Adrienne took us to the graves of Barney Hughes (1808-1878), renowned is his day for innovative production and marketing ideas in the bakery industry. He was recognised as Belfast’s leading master baker and by 1870 owned the largest baking and milling enterprise in Ireland. He was respected by both sides of the community as a politician, industrial reformer and philanthropist.
Our tour ended with one of the most ornate monuments in the cemetery, erected for poet Kevin Buggy who died at the young age of 27. Editor of The Vindicator, a newspaper with staunch view on Irish independence, his grave was built with monies raised by the Repealers of Belfast and marked their insignia and motto Fortis Pro Fide et Patria. Strength for Faith and Country. Tours of the graveyard are available by appointment and can be arranged through the Belfast City Council.
My third and final tour of the day was really a stand out event for me. Departing from Belfast I took a bus tour with Lough Neagh Tours to get a little taster of the lough’s landscape, heritage and culture. And it’s eels – literally. I loved it so much I have written a separate post which you can read here. (opens in new window)
The second day of this year’s European Heritage Open Days took me to Derry-Londonderry for a city tour with architect Mary Kerrigan. The walking tour incorporated the architecture and urban planning of the city.

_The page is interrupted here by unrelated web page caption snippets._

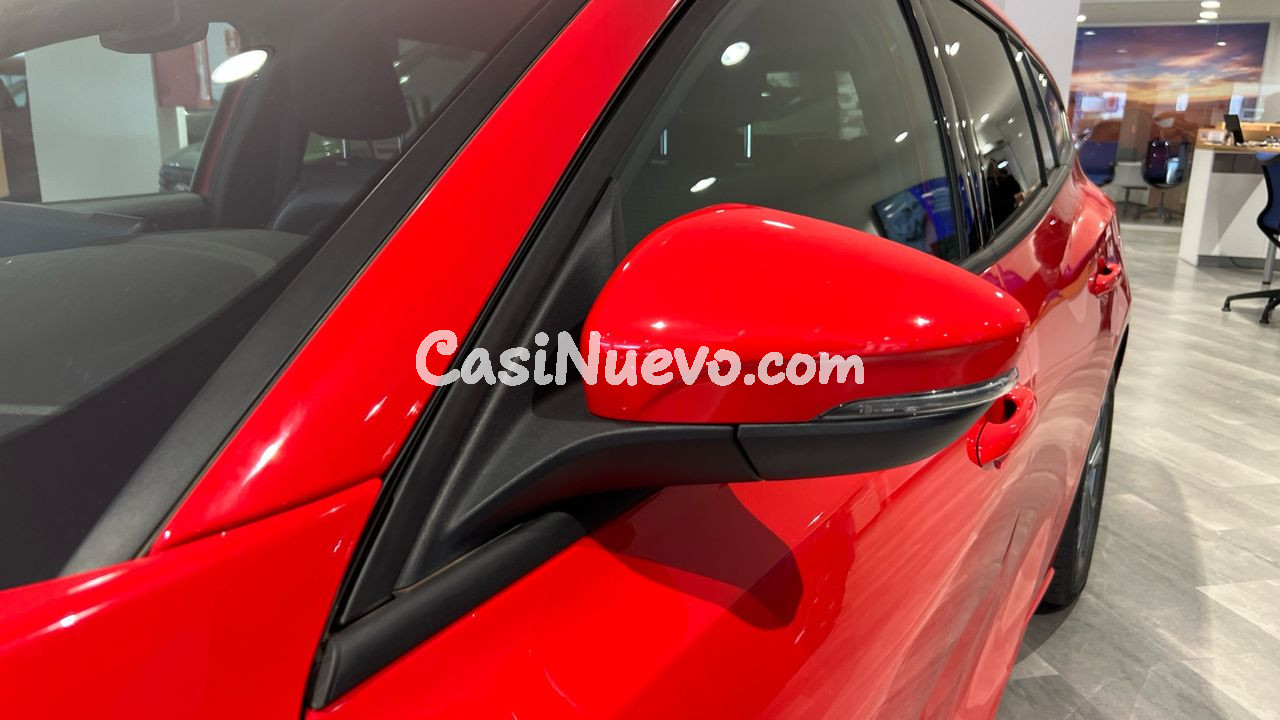 Ford Focus 1.0 ECOBOOST MHEV 92KW ST-LINE 125CV 5P - foto 21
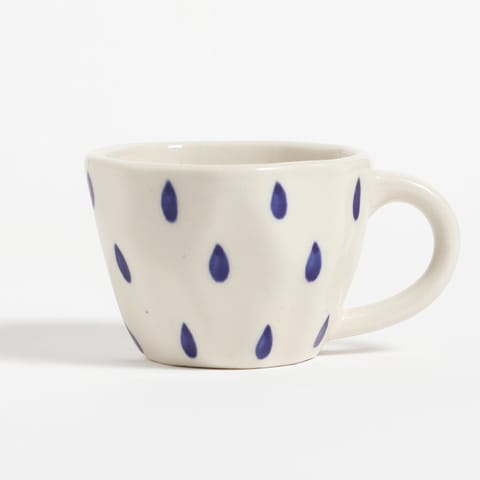 Eyass - Ceramic Mugs - Rain Drops - 3.5 x 2.5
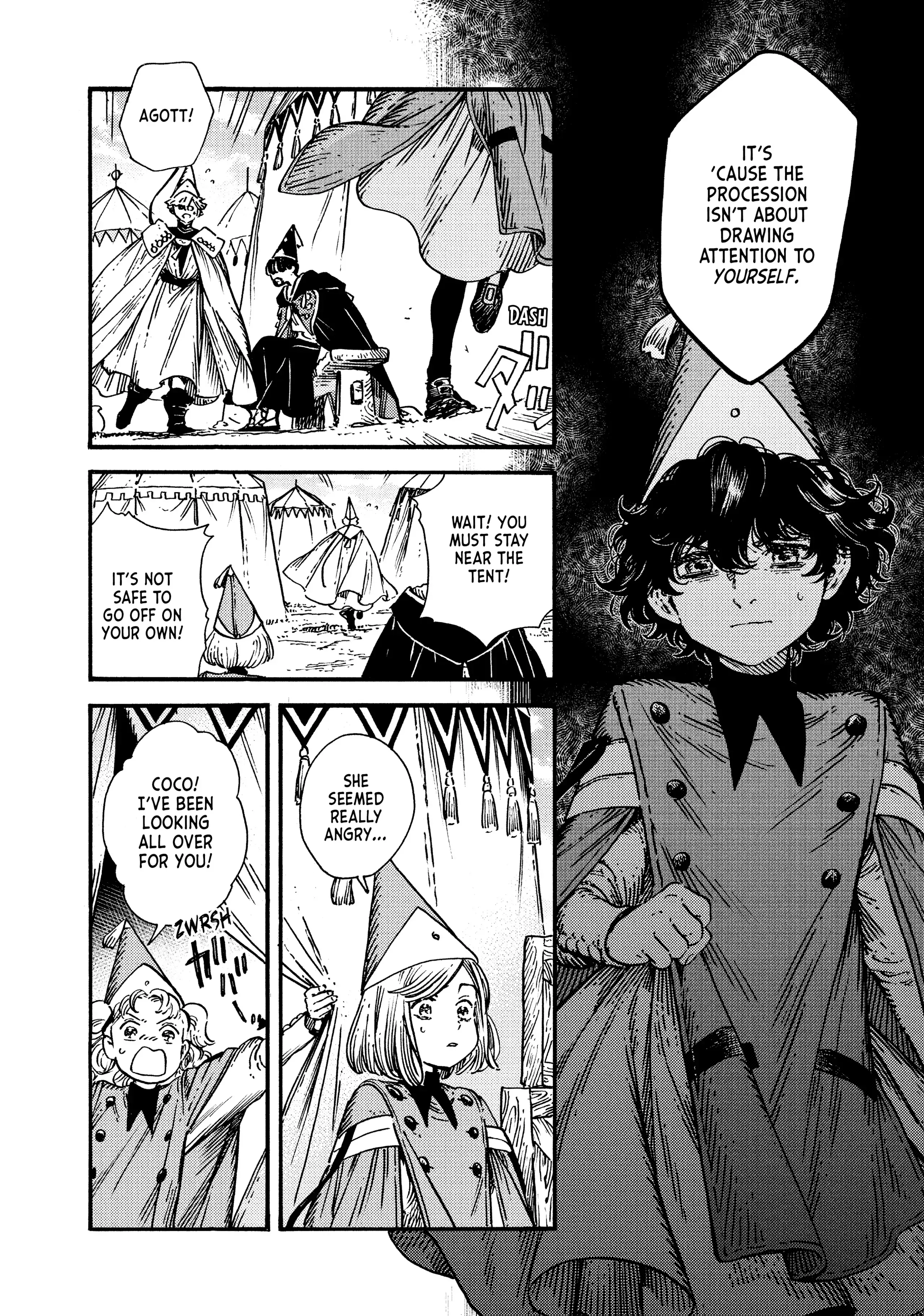 Read Witch Hat Atelier Manga Online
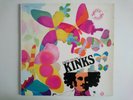 THE KINKS FACE TO FACE PARTY LINE PYE SIP 20 RAY DAVIES 60'S POP ITALIAN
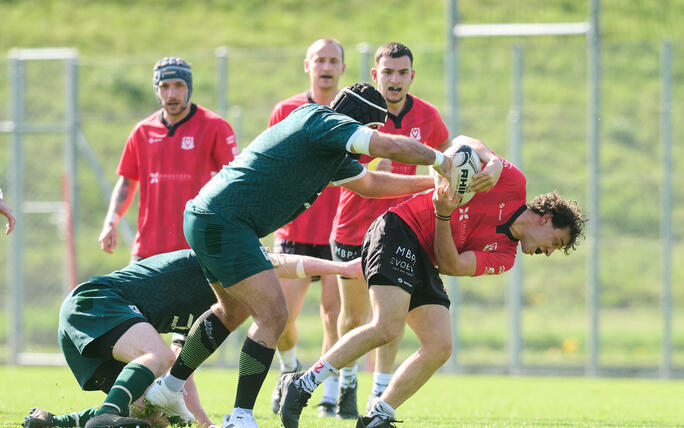 RFC Vaduz - SG StuSta II / TSV 1860 M&uuml;nchen (11.04.2026)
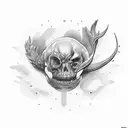 midnight conversations tattoo design idea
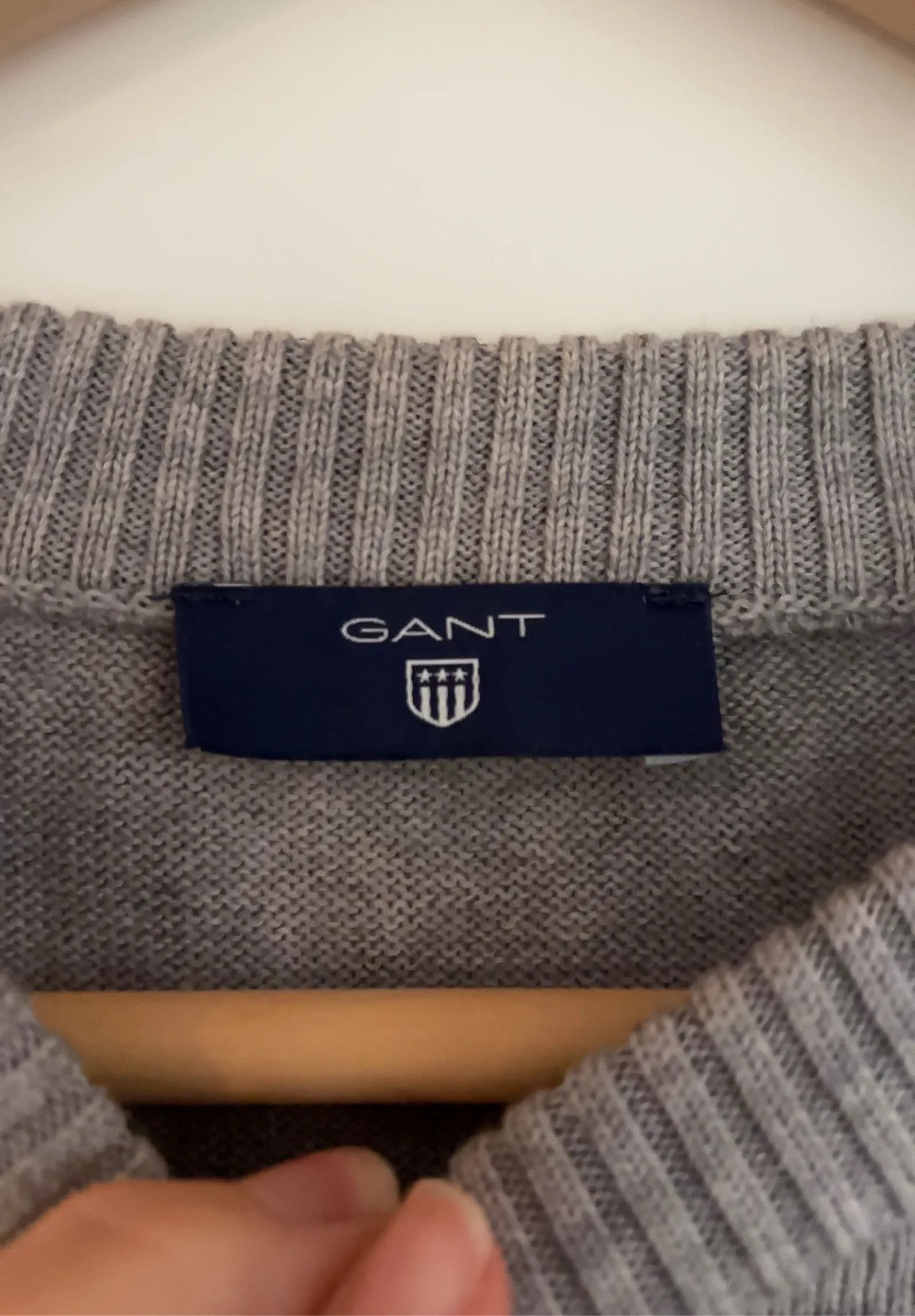 Gant Gant Sweater Size S / US 4 / IT 40 - 2 Thumbnail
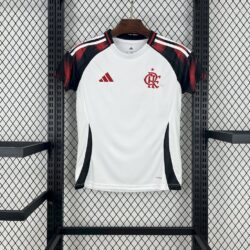 Flamengo 2025-26 Away Womens Jersey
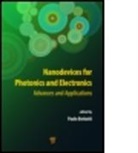 Paolo (EDT) Bettotti, Paolo Bettotti - Nanodevices for Photonics and Electronics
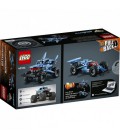 Конструктор LEGO Technic Monster Jam Megalodon 260 деталей (42134 78712)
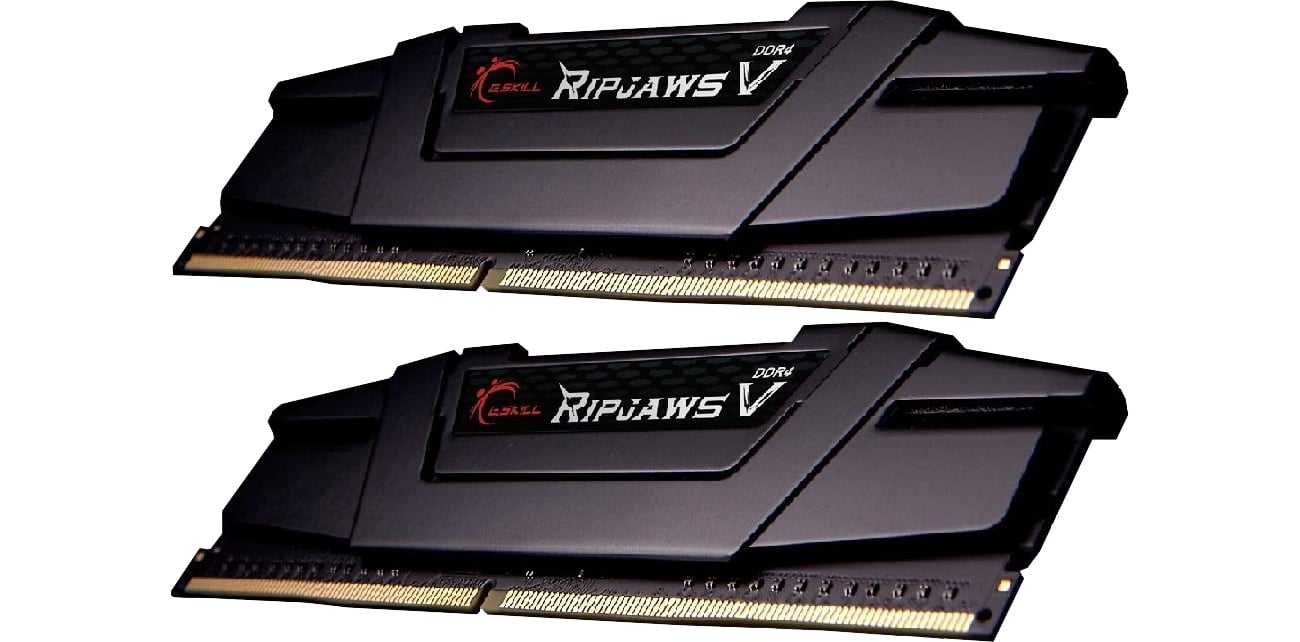 16GB 3200MHz Ripjaws V Black CL16 (2x8192)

Taking in the City Walls, the Bogside and the Fountain areas Mary touched on the city’s planning at various points in time over the centuries. We heard of how the streets that follow the city walls at Butcher’s Gate follow an old pilgrimage route to the city. I was also surprised to learn how plantation towns can easily be identified by the presence of a “diamond”. We took in the architecture of various buildings such as the now closed Austins Department Store.
In line with the Heritage Open Days theme – a landscape of possibilities – Mary also talked about the future planning of Derry’s streets, the restoration and development of housing and buildings within it’s walls. It was a cold, wet and windy afternoon but still a very enjoyable and unique exploration of the Walled City.
All these tours were totally free – even the Lough Neagh bus tour! So mark it in your calendars for next September. In the meantime some of the places in the EHOD programme are accessible to the public for a fee or for special events.